So why are these models so fragile? We have some theories we’re exploring. Many vision-language models use contrastive learning during training, where they learn to match images with text descriptions. This approach might create brittle associations between specific phrases and visual features. When you change the phrasing, you might be triggering completely different learned pathways in the model. It’s like the model memorized specific image-text pairs rather than truly understanding the underlying medical concepts.
There’s also the alignment problem. These models are often fine-tuned to be helpful and responsive, which might make them overeager to provide different answers when prompted differently. They’re trying so hard to be useful that they forget to be consistent. And medical imaging adds another layer of complexity. Radiological language is precise but also full of synonyms and alternative phrasings. Models trained on general text might not grasp that “increased opacity” and “increased density” mean the same thing in a chest X-ray context.
We’re also investigating whether the problem runs deeper than training. The transformer architecture itself might contribute to this sensitivity. Attention mechanisms that work beautifully for general language tasks might amplify small prompt variations when dealing with the high-stakes precision required in medical diagnosis.
But here’s the thing: we don’t have all the answers yet. This brittleness might stem from fundamental limitations in how current AI systems process multimodal information. Or it could be something we can fix with better training approaches. That’s what keeps us coming back to the lab each day.

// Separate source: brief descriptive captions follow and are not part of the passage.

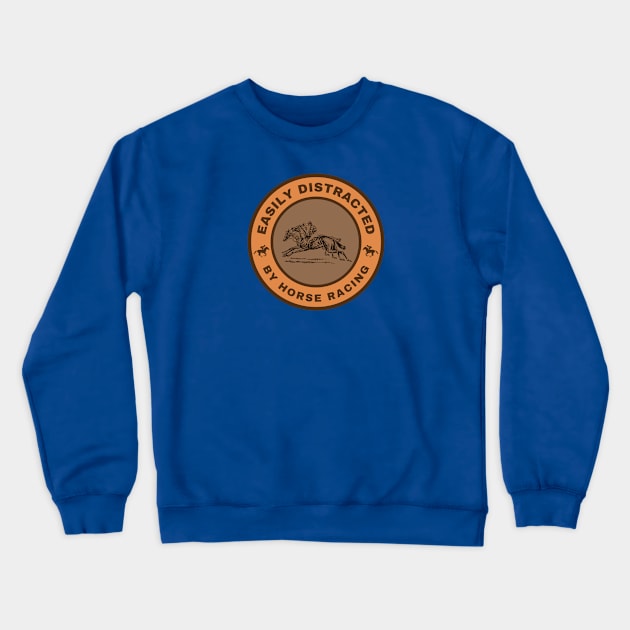 Easily distracted by Horse Racing Crewneck Sweatshirt by InspiredCreative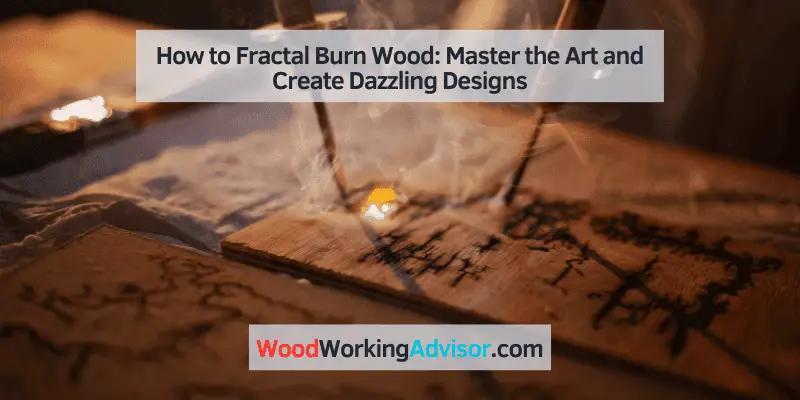 how to fractal burn wood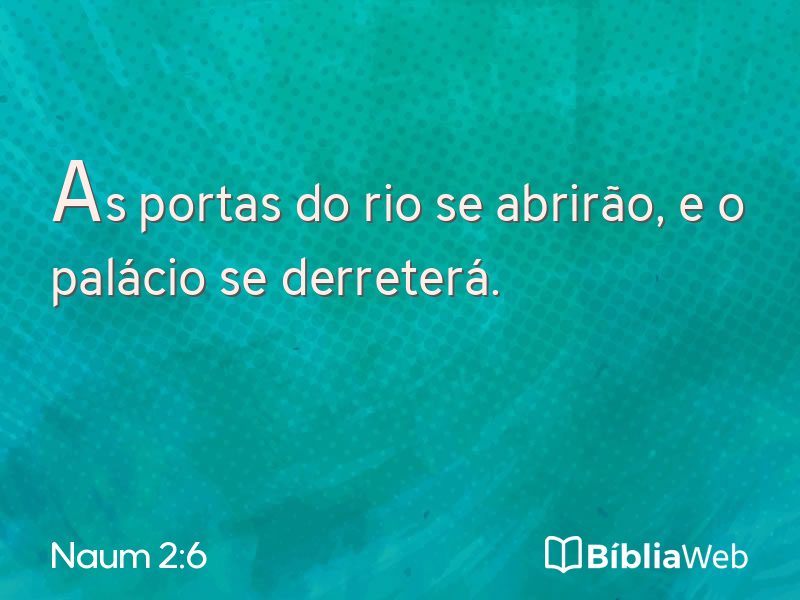 Naum 2:6 em imagem para compartilhar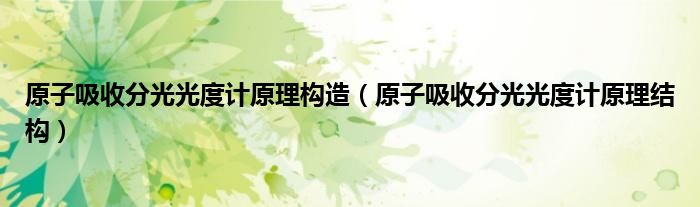原子吸收分光光度計原理構(gòu)造（原子吸收分光光度計原理結(jié)構(gòu)）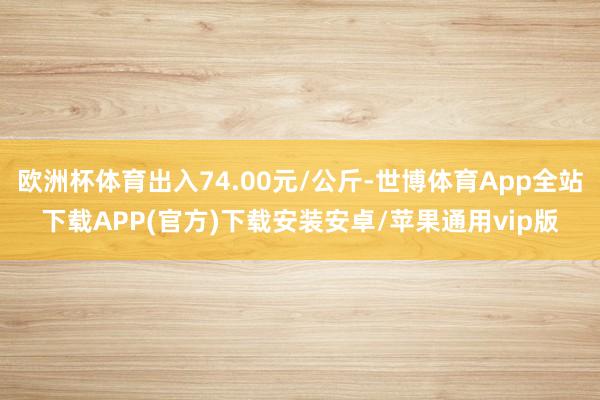 欧洲杯体育出入74.00元/公斤-世博体育App全站下载APP(官方)下载安装安卓/苹果通用vip版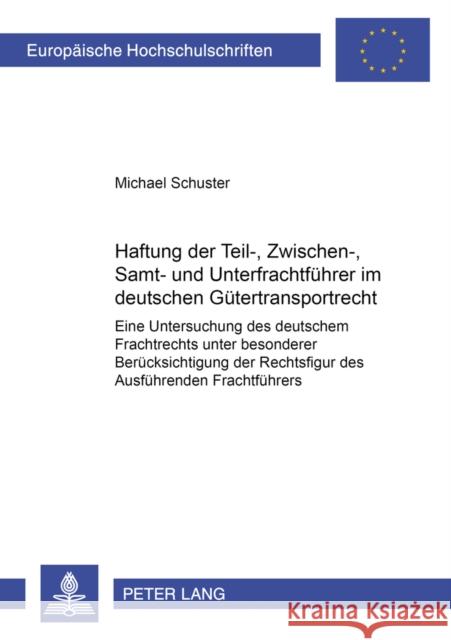 Haftung Der Teil-, Zwischen-, Samt- Und Unterfrachtfuehrer Im Deutschen Guetertransportrecht: Eine Untersuchung Des Deutschen Frachtrechts Unter Beson Schuster, Michael 9783631396216
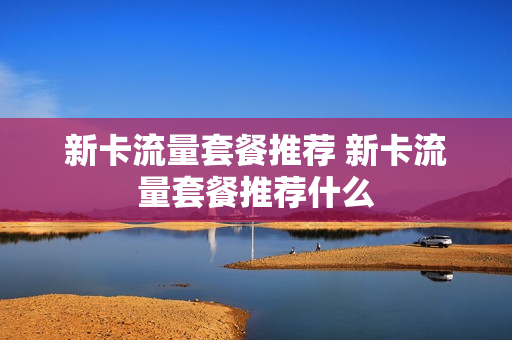 新卡流量套餐推荐 新卡流量套餐推荐什么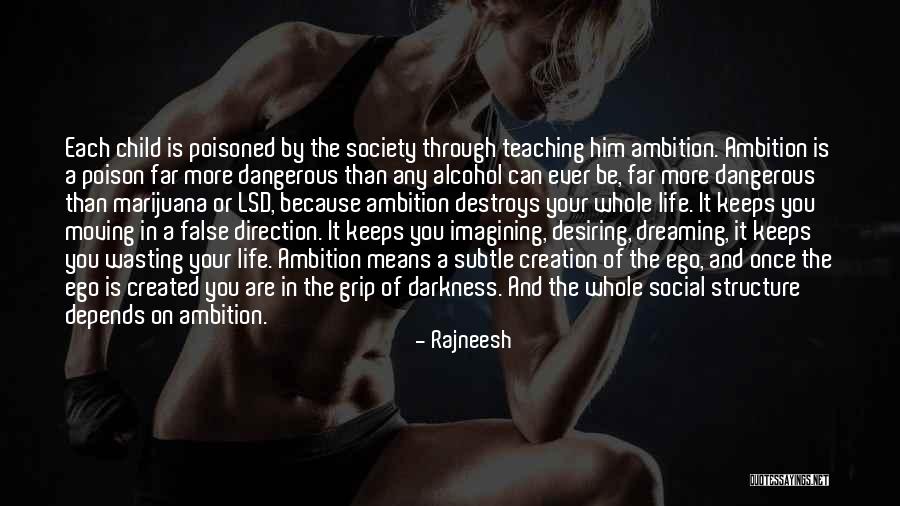 Wasting A Life Quotes By Rajneesh Wasting A Life Quotes By Rajneesh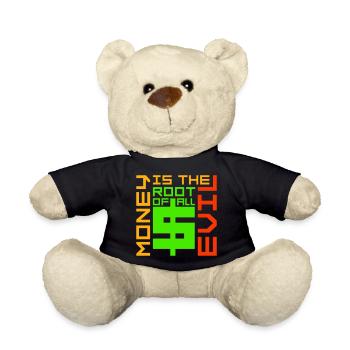 Money Root Evil Capitalism Greed Finance Rich - Teddy Bear - black - Front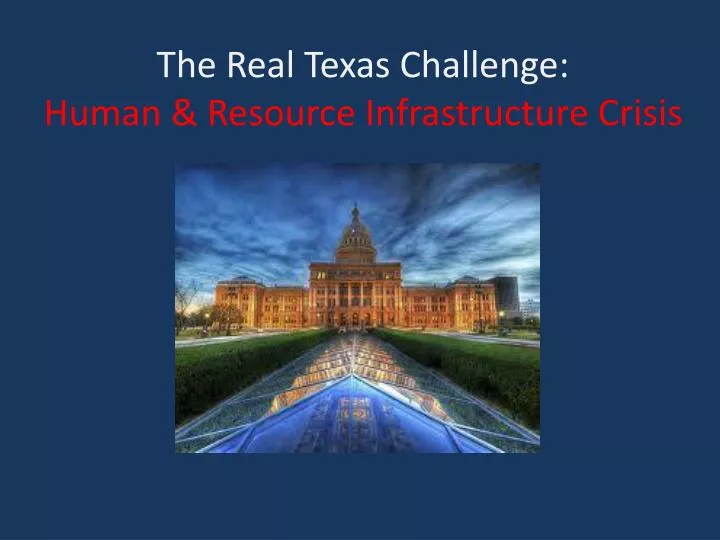 the real texas challenge human resource infrastructure crisis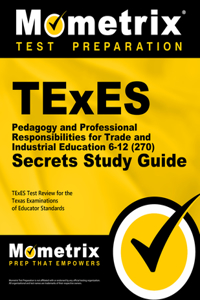 TExES Pedagogy and Professional Responsibilities for Trade and Industrial Education 6-12 (270) Secrets Study Guide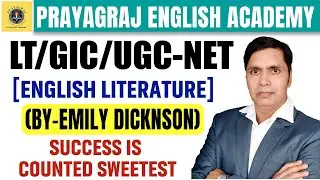 LT / GIC / UGC / NET |  English Literature | Emily Dicknson| Success Is Counted Sweetes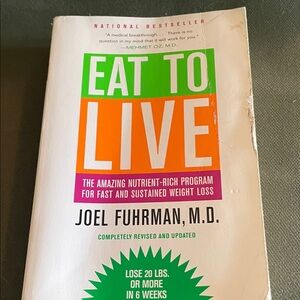 Eat to Live by Joel Fuhrman, M.D. - White and Green Cover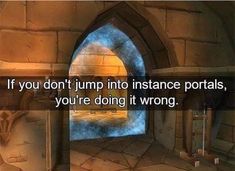 an image of a tunnel with the words if you don't jump into instances, you're doing it wrong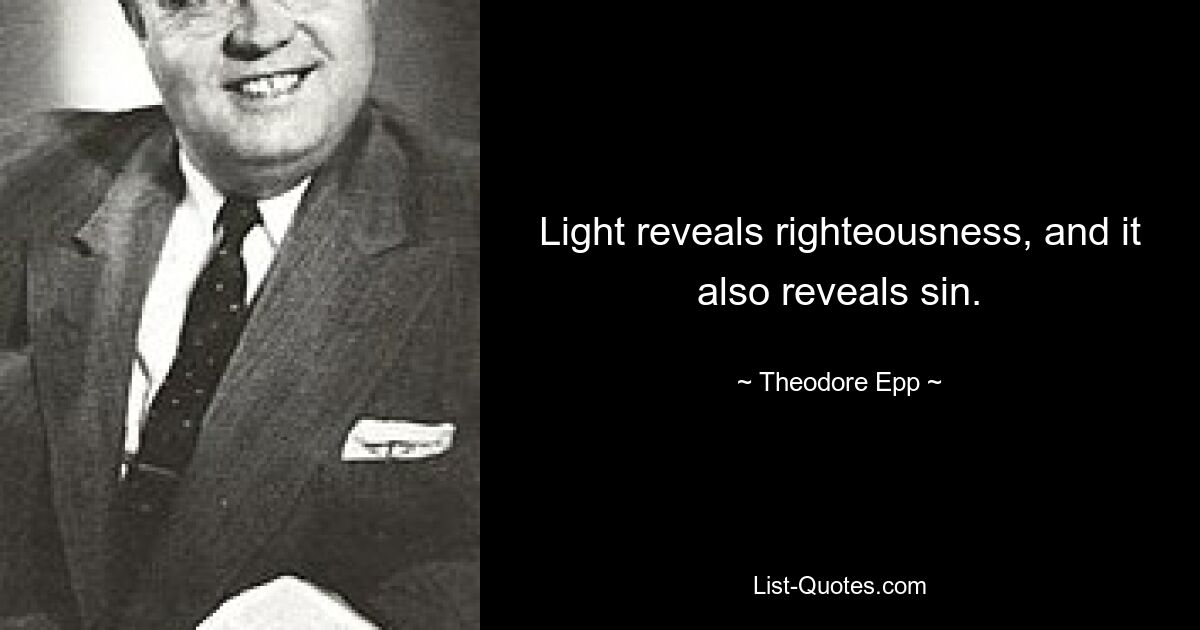 Light reveals righteousness, and it also reveals sin. — © Theodore Epp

Our VSF-Med framework is completely open source because we believe this problem is too important for any single team to tackle alone. We’ve made it so researchers anywhere can benchmark their medical VLM with a single command, generating over 30,000 adversarial test cases automatically. The data shows that current best-in-class models still have vulnerability spreads exceeding 0.3 standard deviations. Until we can get that number much, much lower, these systems remain too fragile for autonomous clinical use.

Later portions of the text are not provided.